4. Чувство о чувстве.
Переход от пункта 2 к пункту 3, конечно, очень важен, он задает феноменологическую и психологическую развертку искусства, к которой мы еще вернемся. Пока же обратимся к пункту 4, представляющемуся довольно мистическим. Реальность этого автореферентного удвоенного чувства, сама по себе проблематичная, явно отличается от смысловых и вообще речевых автореференций. Перед нами некий сенсорный коррелят смысла, топологически тождественный ему, но совершенно иной по материалу воплощенности. На помощь приходит английское слово «sense», означающее одновременно и «смысл» и «чувство». Неразличение весьма странное, нелепое во всем, кроме топологической тождественности, указывающей на соотношение с собой. Если второе значение слова «sense» понимать не просто как чувство, а как чувство о чувстве, мы приблизимся к сути дела. Речь, обретающая смысл, покидает траекторию императива, модальность команды, инструкции и становится движимой своим собственным вечным двигателем.
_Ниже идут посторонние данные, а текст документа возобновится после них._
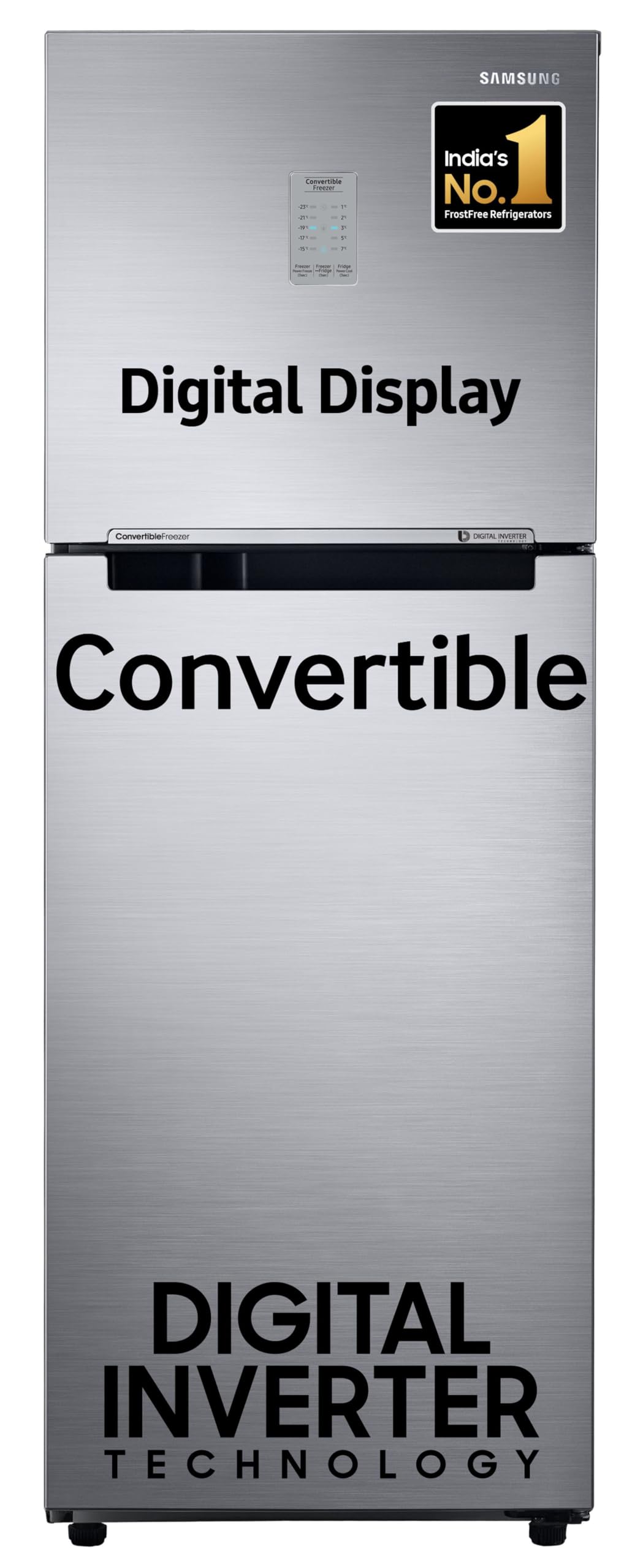 Samsung 256L 3 Star Convertible 3 In 1 Digital Inverter Frost-Free Double Door Refrigerator Appliance (RT30C3733S8/HL,Elegant Inox 2023)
Аффект, подхваченный и пронизанный речью, тоже утрачивает прямой, исчерпывающий его резонатор, обретая соотношение с самим собой. Оно, это соотношение, не является жесткой автореференцией слов, оно располагает внутренней автономной реальностью, в которую однажды ворвалась речь и теперь не может вырваться – именно потому, что не может окончательно подчинить себе эту, ею же спровоцированную реальность. Странным образом получается, что чувство о чувстве гораздо лучше укрыто от прямого речевого воздействия, чем изначальный аффект, жаждущий легитимации в мире человеческого. Тем самым «чувство о чувстве» становится автономным двигателем иносказания. Если в этом выражении заменить «чувство» на «желание», ситуация становится более знакомой:
1. Бессловесное желание.
2. Желание, выраженное в слове.
3. Слово о слове.
4. Желание желания.
Назвав эти пункты директивами, можно заметить, что две последние то расходятся между собой, то сходятся друг с другом. Желание желания не могло бы возникнуть без участия речи, что понятно (опять же, любимая тема Лакана и Делеза). Но упускают из виду другое: если бы желание желания поддавалось словам, если бы его можно было схватить с помощью прямосказания, например, дать ему точное определение, оно исчезло бы как самостоятельная реальность и не о чем было бы предметно говорить. Речь, которая пронизывает это желание второй степени, есть чистое иносказание, однако само иносказание имеет здесь другую природу. Иносказание-1 топологически близко к загадке и его можно зашифровать тем же способом: «пока меня не разгадали, я есть, когда меня узнали, то уж нет меня» – и в этот же класс попадают желания из серии «ты скажи, ты скажи, че те надо, че те надо». Прямое называние разрушает их, как свет засвечивает фотопленку, хотя с точки зрения достижения цели эффективность может сохраниться, как свидетельствует опыт поручика Ржевского.